Gamers have a long existing love affair with trying to establish a game’s theoretical Metacritic or (choose another scale) review score before it is released. I get it. There is some joy in playing review score poker over the 12 – 18 months between a game’s announcement and/or E3 showing and its eventual launch. But this roiling turbulence in the cyclical conversation of gamers that is inherently anchored to the annual release cycle of games, gathers storm-like energy from our own inherent addictions. The appeal of gambling. The narcissistic leaning towards having to be right. And the extreme avarice for followership, attention, and credibility. None of these things are inherently “evil” or “wrong”. They are just common variables that characterize our discourse on games. And sometimes edge over a threshold where they influence our purchasing decisions and take on a life of their own reflected in our messaging.
Now, the latter half of that last statement, the stuff that happens after purchase…that’s a thing in consumerism (the need to feel justified in one’s purchase by championing a thing that they have spent money on), but maybe less of a flaw in our communications schema than others. We are used to this dynamic, and maybe it is less harmful to the development cycle and what can happen to a game in the lead-up to its release as a result of the developer / publisher interacting with the public. The stuff that comes before launch is the factor that can tank or torpedo a game before it ever leaves the tube.

All of these reflections are driven by how today has unfolded. The video presentation of the Halo Infinite campaign as well as the Guerilla Games Developer Blog Part 2 post over on the PlayStation blog which showed off healthy amounts of Aloy’s environmental traversal modalities, sucked all of the air out of the room in today’s news cycle.
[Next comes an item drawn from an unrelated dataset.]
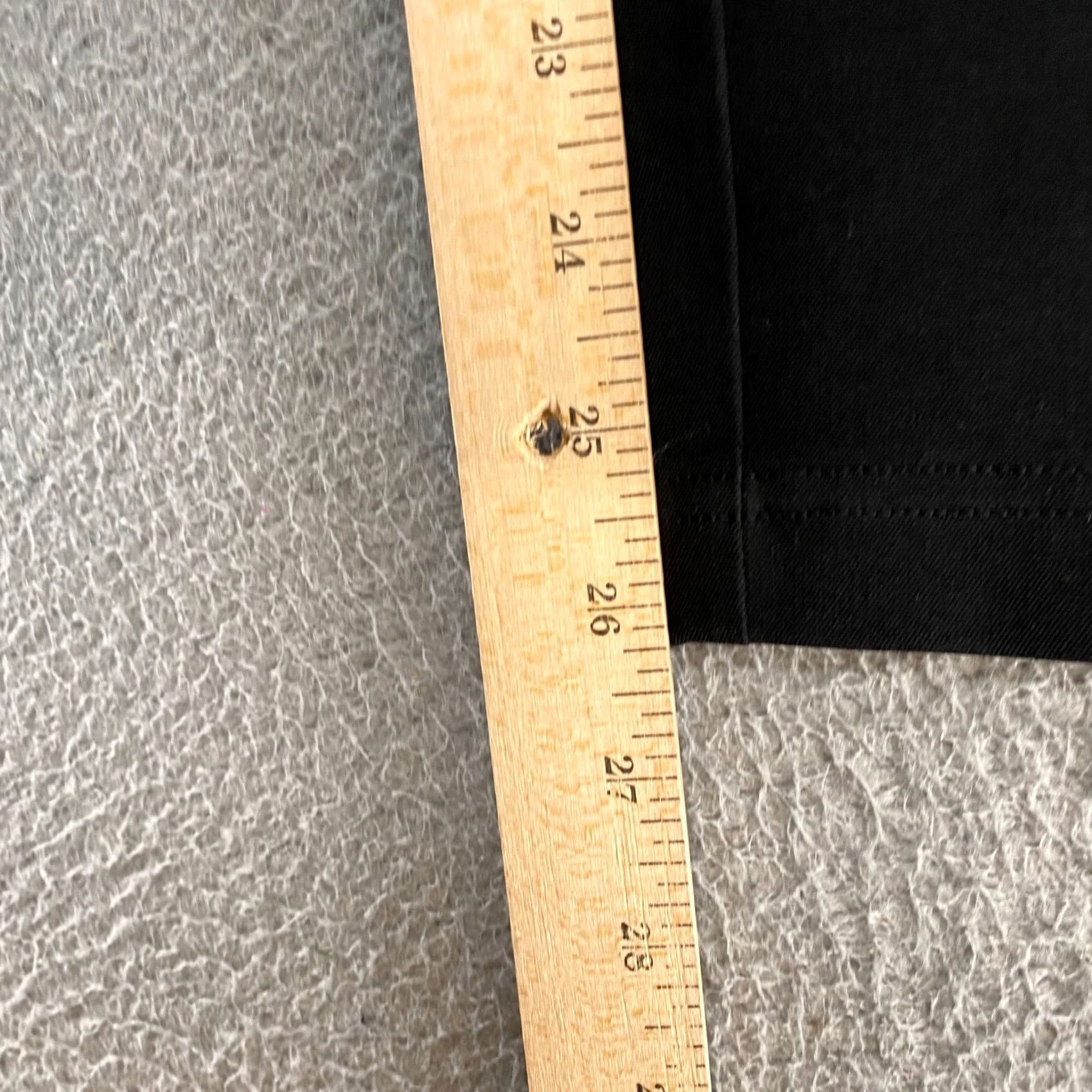 Eileen Fisher Eileen Fisher Pants Womens Medium Stretch Twill Black Pull On Size 32" / US 10 / IT 46 - 7 Thumbnail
It was good stuff on both parts. But this element of gaming journalism and industry study I have become less and less enamored with over the years. The reality is that for a very long time, I’ve ceased caring about a game that hasn’t been released yet. There are a few steps along the way that pique my interest. The announcement. Tech information (engine mostly and anything else pertinent). Any pricing and/or business model and content announcement. And the release date and any delays. These constitute about four or five singular blurbs of text that come out of the marketing cycle in the lead-up to launch. But the endless speculation about whether a game is going to be good or not?
I’m a firm believer that you don’t know whether a game is good or not until after it’s released. For a game-as-a-service, you don’t really know until the game has been out in the wild for a month or two and received its first two content drops. As someone who also reviews tech products, people endlessly speculate each year on what we’ll see on that year’s iPhone, Galaxy S, Pixel, Surface…you name it. And I know from 20+ years of reviewing hardware, the only way I can tell if a device is good is to live with it for a few months. Which I can’t do until I have final released hardware in my hand. The same is true of games.
A recent biennial survey conducted by IGN and Nielsen found that for ~70% of gamers, genre was the prime motivator for gaming purchases. 38% of those surveyed said franchise. It also identified categories of gamers that don’t pay attention to gaming news, only care about price in deciding on gaming products (free being the best), and an attachment to older game models and franchises.

All of this is to say that my own evaluation of the survey results is that we are motivated by so many factors, especially in pre-release, other than by whether the game is good or not. In pre-release, it’s an absolute truth, because we can’t know.
Look. I like playing poker as much as the next fella. But I can’t make a final call on a game until it drops. In my daily life, I have to decide when my team’s code is ready for release. I leave it to the developers and publishers, creative directors and producers to make the same call. I’ll judge whether I am satisfied with it after the fact. If a game drops and it’s not good, I’ll play something else. I try to keep my own customers away from vendor lock-in, and I make my own product and service choices the same way. In my recent post on never getting attached to a game, those salient points are echoed here in their relevance. I’m a lifelong gamer. I often struggle to manage my time in what I want to get around to playing. If a game hits different in its release form, it’ll make it’s way onto my playlist. If not, there’s so many other things to play, I’m likely not remember much until we discuss the year-end wrap ups on the Enough 2 Keep Going podcast.